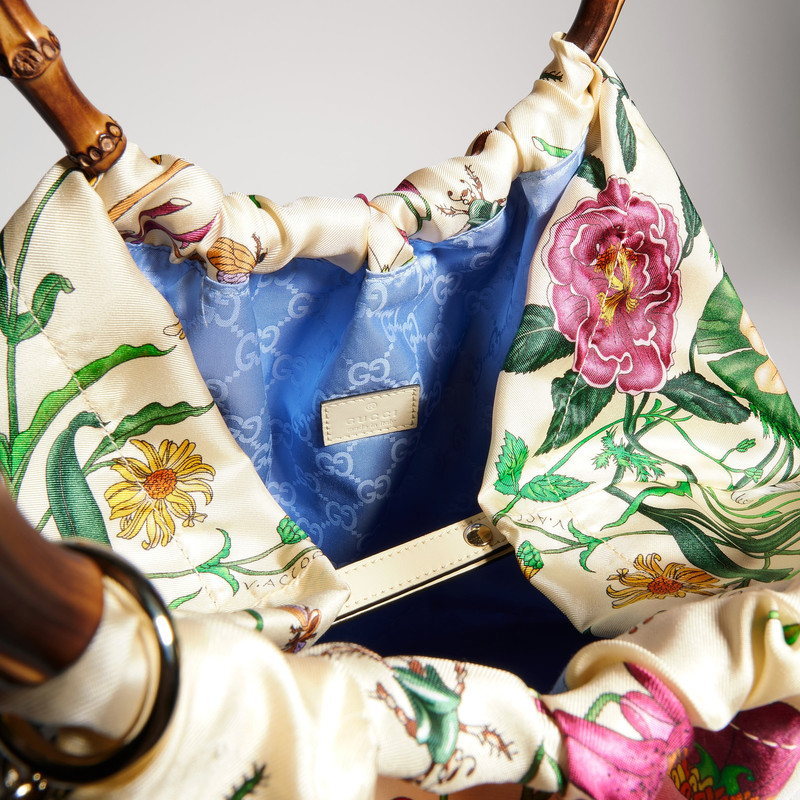 Silk maxi tote bag with bamboo handle 7
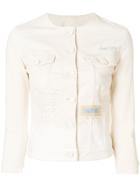 Jacob Cohen Collarless Denim Jacket - Nude & Neutrals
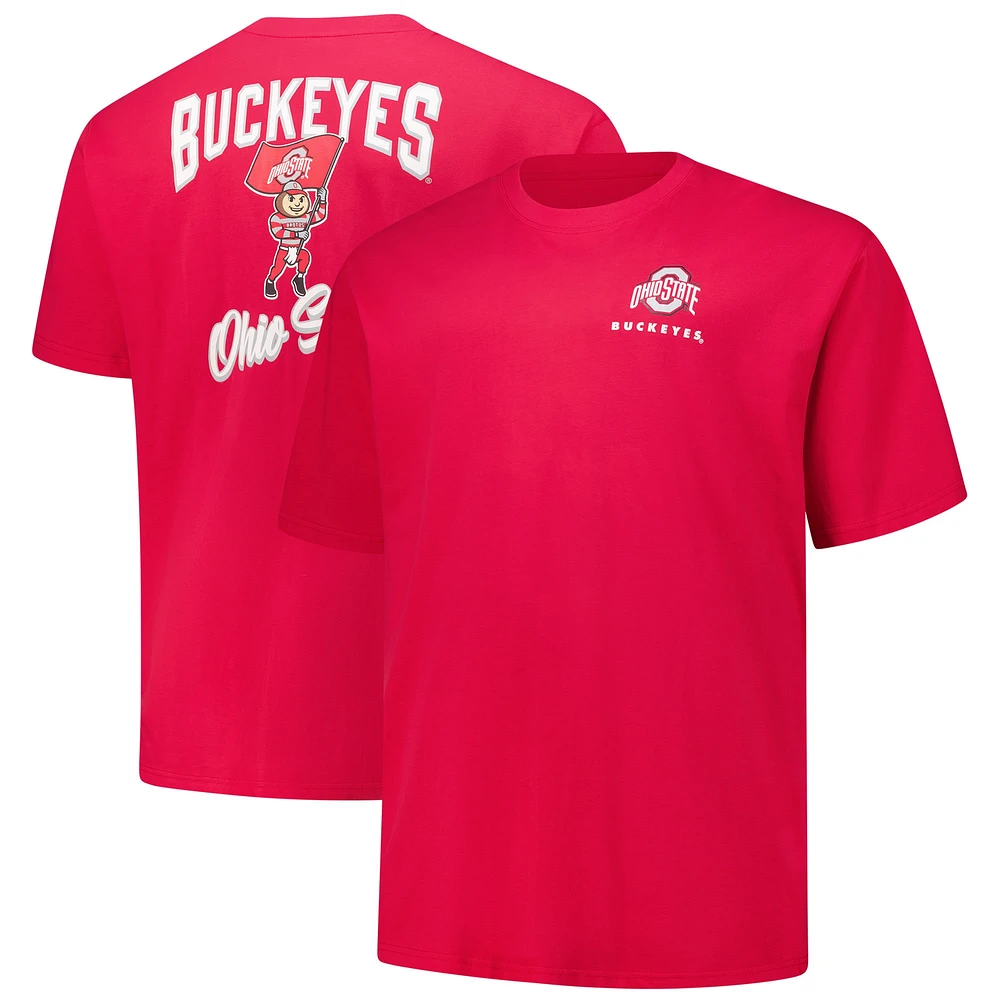 T-shirt Fanatics Scarlet Ohio State Buckeyes pour homme avec casque Big & Tall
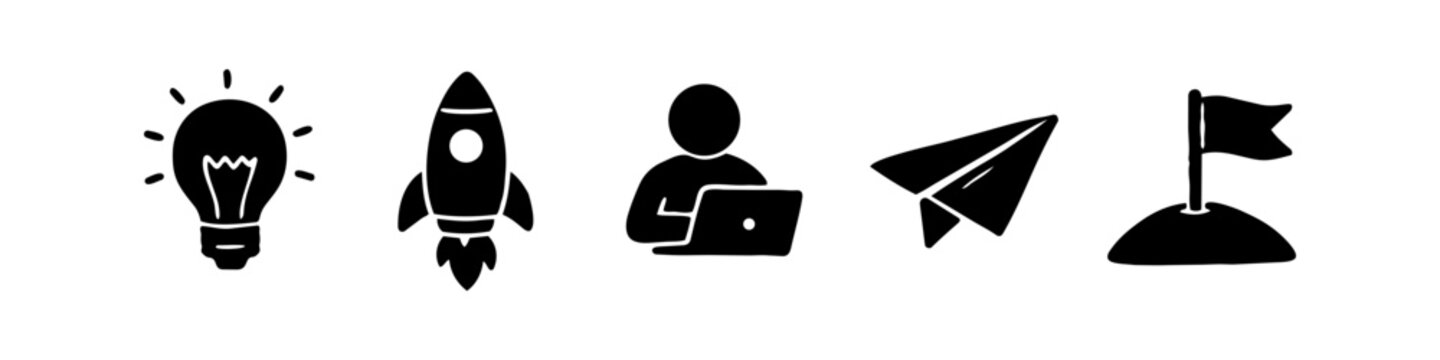 Set of black silhouette business startup icons including light bulb, rocket ship, person with laptop, paper plane, and flag. Minimalist symbols for innovation, growth, and achievement.
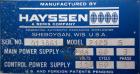 Used Hayssen Monablow Continuous Blow Molding Machine, Model 2125 S. Single station, dual head. Platen size 12
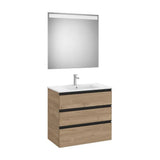 Mueble Base Tres Cajones Lavabo Centrado Espejo Led Nogal 80x46x76cm Colección The Gap Roca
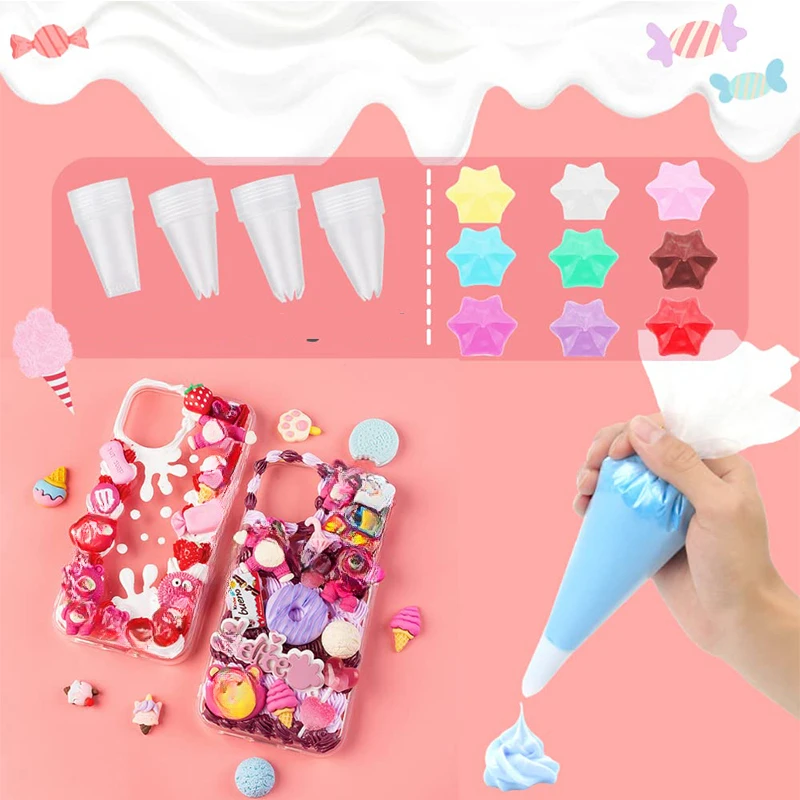 Decoden Cream, 100g, Available in 50 Colors, Clay Based Deco Whipped Cream,  With 1 Piping Tip, Phone Case Decoration, DIY Accessory, Craft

*REQUIRED ACTION:*
Write every entry out again exactly, dropping the pictures.

*RESPONSE:*
 Silk maxi tote bag with bamboo handle 7
 Jacob Cohen Collarless Denim Jacket - Nude & Neutrals
 T-shirt Fanatics Scarlet Ohio State Buckeyes pour homme avec casque Big & Tall
 Set of black silhouette business startup icons including light bulb, rocket ship, person with laptop, paper plane, and flag. Minimalist symbols for innovation, growth, and achievement.
 Used Hayssen Monablow Continuous Blow Molding Machine, Model 2125 S. Single station, dual head. Platen size 12
 Mueble Base Tres Cajones Lavabo Centrado Espejo Led Nogal 80x46x76cm Colección The Gap Roca
 Decoden Cream, 100g, Available in 50 Colors, Clay Based Deco Whipped Cream,  With 1 Piping Tip, Phone Case Decoration, DIY Accessory, Craft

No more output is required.